WHAT YOU WILL DO:
Required from the data below: the exact lines starting at the line containing "Apple iPhone 8 (Used)" and ending at the line containing "#abhimaan #yrkkh #yrkkh4", with both ends kept and all pictures dropped.

MATERIALS PROVIDED:

※

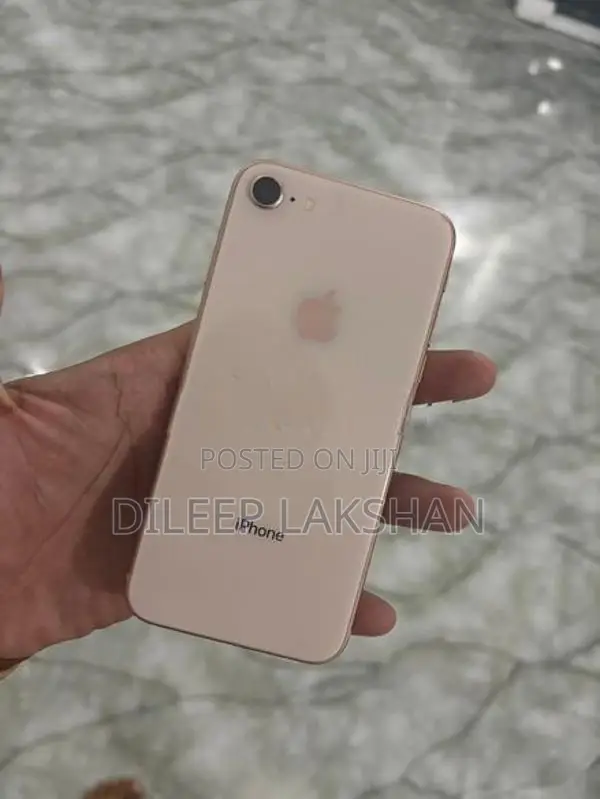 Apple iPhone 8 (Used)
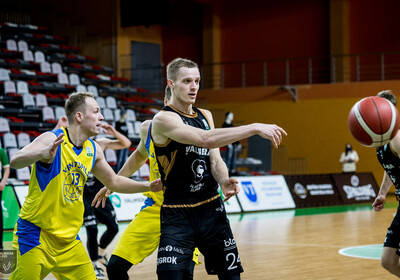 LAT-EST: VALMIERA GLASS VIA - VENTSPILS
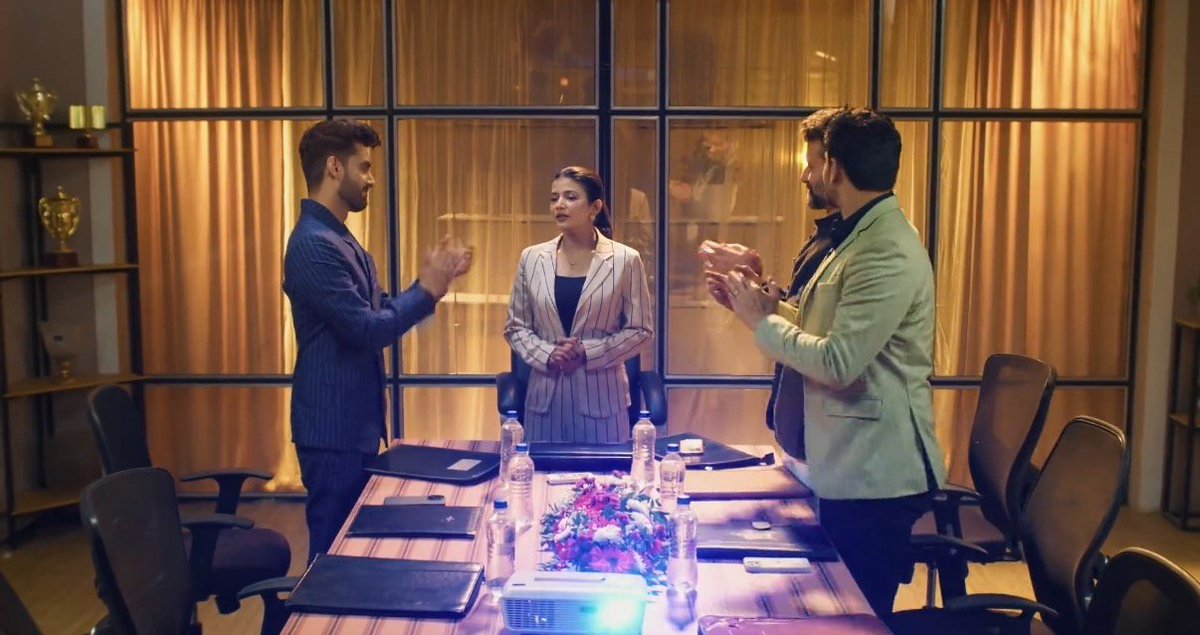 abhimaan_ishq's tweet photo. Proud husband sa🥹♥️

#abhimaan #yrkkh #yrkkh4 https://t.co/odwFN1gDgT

※

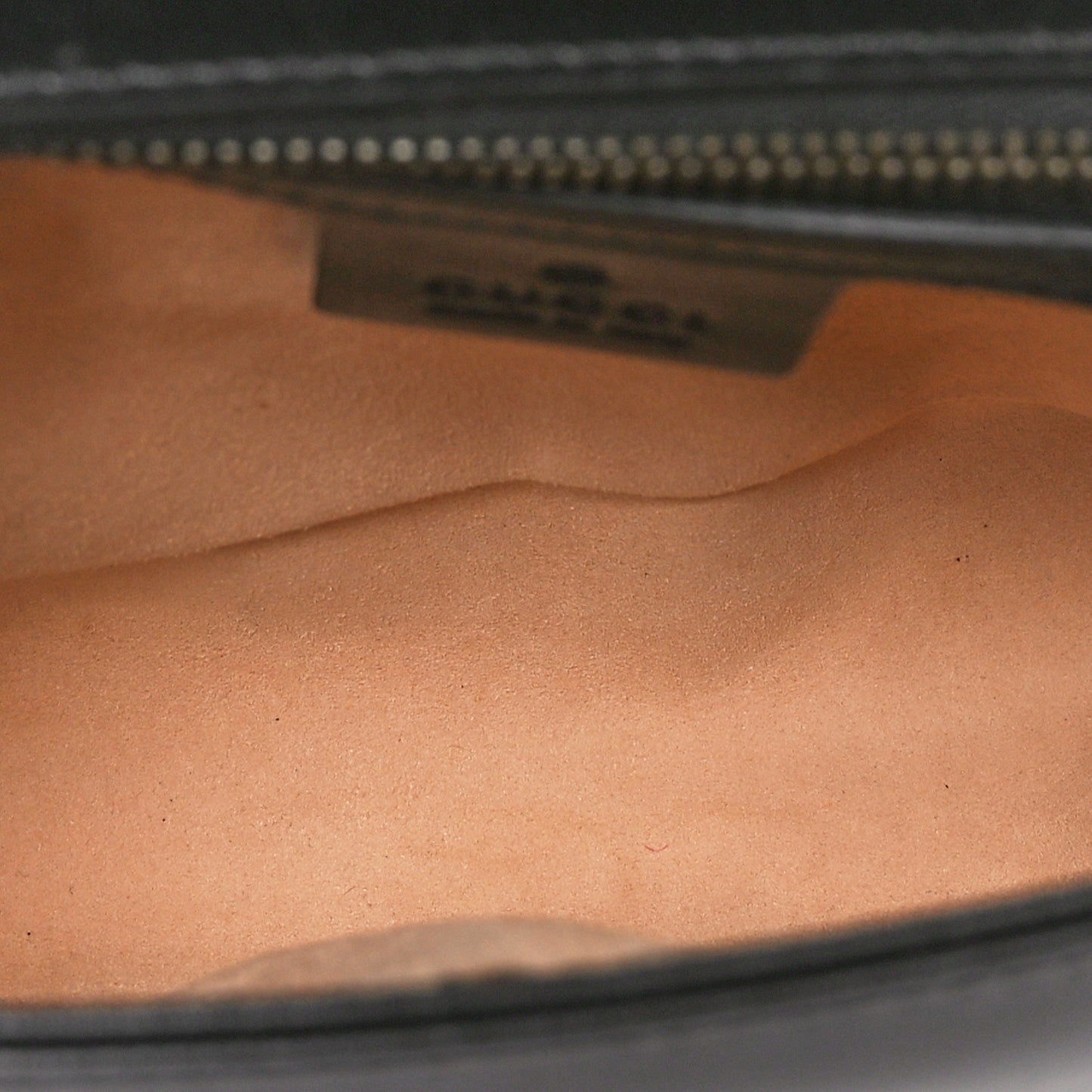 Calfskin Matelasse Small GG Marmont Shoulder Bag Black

※

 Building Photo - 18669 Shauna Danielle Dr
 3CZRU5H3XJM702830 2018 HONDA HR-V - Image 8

※

EXERCISE ANSWER:
 Apple iPhone 8 (Used)
 LAT-EST: VALMIERA GLASS VIA - VENTSPILS
 abhimaan_ishq's tweet photo. Proud husband sa🥹♥️

#abhimaan #yrkkh #yrkkh4 https://t.co/odwFN1gDgT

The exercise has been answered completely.